Approaching San Roque we noticed a military checkpoint at the gate of the village. I became worried, since I did not know how to justify my notebooks, the digital camera, and ultimately our presence as foreigners from two different distant countries in a place not tailored for tourists. What should I say? What should I reveal about myself and how much? Or should I rather invent a story? Maybe I should tell them that I am a journalist? And writing about what? One thing was obvious to me: I could not reveal that I am there to meet with Commandant Rodrigo— although his presence there, I was sure, was certainly not a secret, especially to the military. In searching frantically for a way to disguise that public secret, I was experiencing the power that comes with every secret, the silence, and the lie that was revealing not only the presence of Commandant Rodrigo in the surroundings, but also my secret and invisible bind to him. Now through him, the soldiers and I were bound as well.

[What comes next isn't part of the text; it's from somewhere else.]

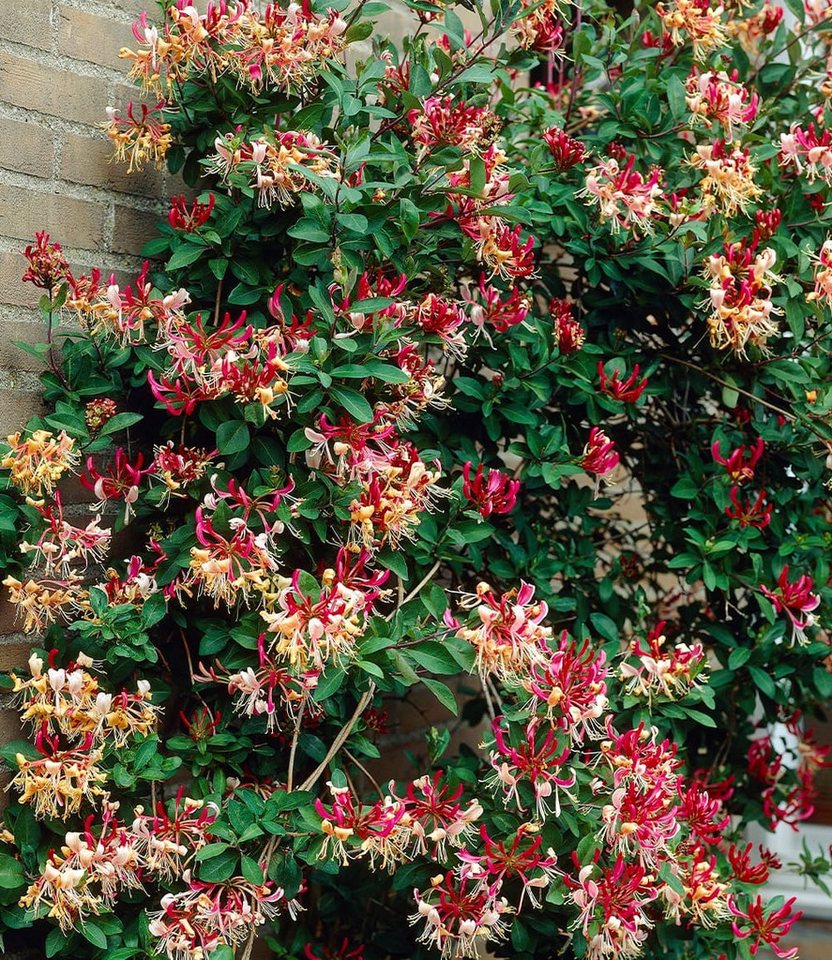 BALDUR Garten Zierstrauch Duft Geißblatt 'Henry', Lonicera immergrün, 1 St., Jeängerjelieber, immergrün,winterhart, mehrjährig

The military patrol, composed of four or five soldiers, stopped our car—the only one approaching the village, I had just realized. “Good morning. Step out of the car. Your documents, please.” The soldier looked at my Italian passport, had me lean against the car with my arms stretched, while a soldier was searching my pockets and frisking my waist and legs, and another inspected the car with great attention looking under the seats, into every compartment, and the trunk. The soldiers saw and touched my notebook, my pen, and my camera. However, they did not dare ask any question about my presence in that village on that early Sunday morning. In fact, there was no need to offer any word to clarify what we all shared, that is, the public secret of Commandant Rodrigo and his men’s presence in San Roque, or of my imminent encounter with him. In our reciprocal silence—because the military and I did not share any word except for the initial and final greetings—we revealed our common bond to Commandant Rodrigo and paid respect to his power and his rule.

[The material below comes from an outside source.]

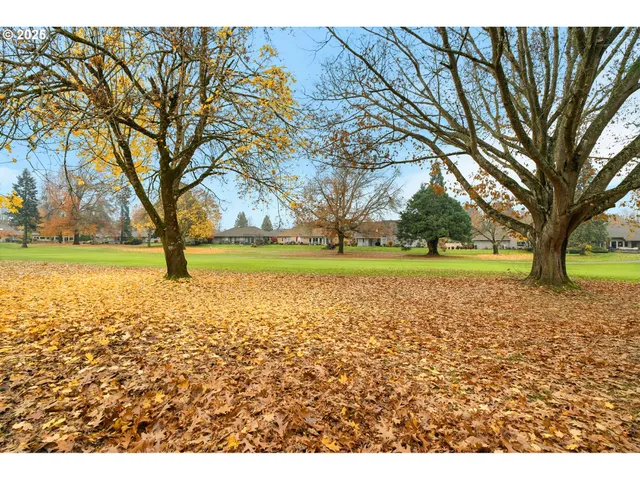 a view of a yard with a tree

My encounter with the military at the checkpoint not only confirmed what I had heard repeatedly about the paramilitary in Colombia and elsewhere: that they were a smoke screen linking paramilitary killers with the regular armed forces. But, st the checkpoint I also sensed that this public secret was part of the paramilitary's power. The exchange of silence between the soldiers and me, affirming through denial the presence of Commandant Rodrigo in a form of active not-knowing, was a testimony to that public secret, and to its strength?.

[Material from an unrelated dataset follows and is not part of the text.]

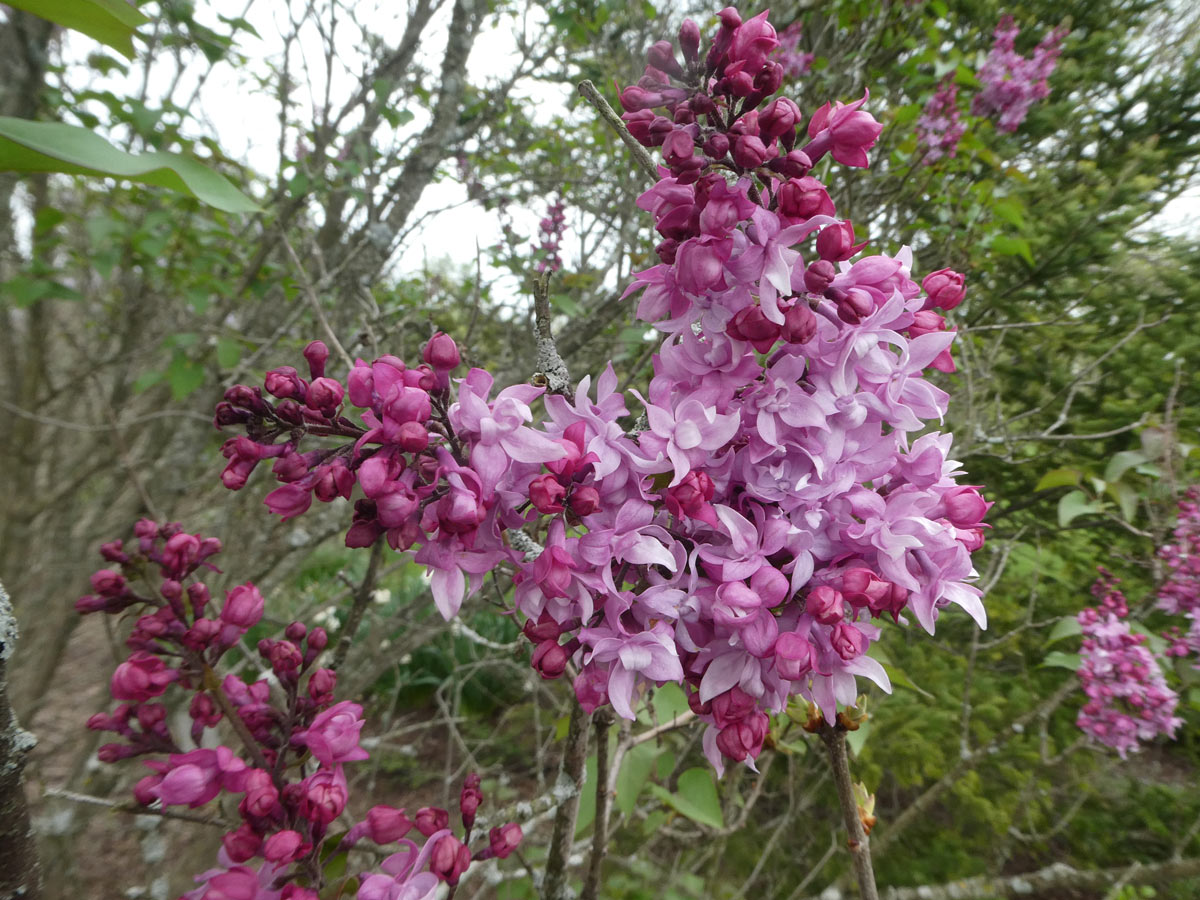 International Lilac Society - dark and light pink lilacs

Secrecy, Elio Cannetti argued in Crowds and Power, is the core of power, and Foucault added that power is tolerable only on condition that it masks a substantial part of itself. The secret thus pertains to the dark bowels of a society and it is like a second world among the manifest world, a second body encased within the first. Wherever there is power, there is secrecy, except that it is not only secrecy that lies at the core of power, but, Michael Taussig affirms, public secrecy:

Yet what if the truth is not so much a secret as a public secret, as is the case with most important social knowledge, knowing what not to know? … For are not shared secrets the bases of our social institutions, the workplace, the market, the family, and the state? Is not such public secret the most interesting, the most powerful, the most mischievous and ubiquitous form of socially active knowledge there is? What we call doctrine, ideology, consciousness, beliefs, values, and even discourse, pale into sociological insignificance and philosophical banality by comparison: for it is the task and life force of the public secret to maintain that verge where the secret is not destroyed through exposure, but subject to a quite different sort of revelation that does justice to it.

In other words, for Taussig the public secret is the grease that allows the wheels of society to turn. Without the public secret, an actively-hidden shared knowledge, there would be no society, since it is the public secret that holds together conflicting social forces. There is a link binding the public secret, silence, secrecy and the truth about the presence—in the case of Colombia—of the paramilitary. Silence and secrecy, wrote Foucault, are a shelter for power. In his depiction of the seventeenth century as an age of repression, Foucault argued that sex was excluded from discourse by banning the words that rendered it too visibly present. For power to work, it had to be turned into a public secret. Under this negation, the opposite phenomenon occurred, that is, a multiplication of discourses concerning sex:

What is peculiar to modern societies, in fact, is not that they consigned sex to a shadow existence, but that they dedicated themselves to speaking of it ad infinitum, while exploiting it as the secret.

The public secret is thus silence that speaks truth. The tradition of the oppressed? reveals that society is fraught with an ambiguity stemming from the silence and the negation generated by the public secret. In fact, in societies like Colombia, the public secret of the paramilitary coupling with the military and the police is revelatory of the truth of their domination.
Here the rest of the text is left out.